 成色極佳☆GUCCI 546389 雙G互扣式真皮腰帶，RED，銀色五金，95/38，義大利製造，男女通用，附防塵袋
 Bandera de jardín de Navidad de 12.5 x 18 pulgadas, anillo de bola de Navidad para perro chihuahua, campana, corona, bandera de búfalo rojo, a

....................

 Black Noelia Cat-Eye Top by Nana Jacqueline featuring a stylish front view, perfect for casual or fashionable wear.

....................

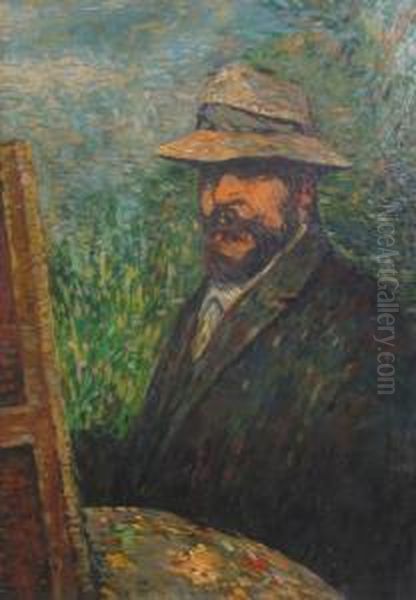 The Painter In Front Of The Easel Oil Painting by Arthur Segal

....................

Take the records above and return, word for word, only the lines that fall from the line with "成色極佳☆GUCCI 546389 雙G互扣式真皮腰帶，RED，銀色五金，95/38，義大利製造，男女通用，附防塵袋" to the line with "Bandera de jardín", both of them included.

 成色極佳☆GUCCI 546389 雙G互扣式真皮腰帶，RED，銀色五金，95/38，義大利製造，男女通用，附防塵袋
 Bandera de jardín de Navidad de 12.5 x 18 pulgadas, anillo de bola de Navidad para perro chihuahua, campana, corona, bandera de búfalo rojo, a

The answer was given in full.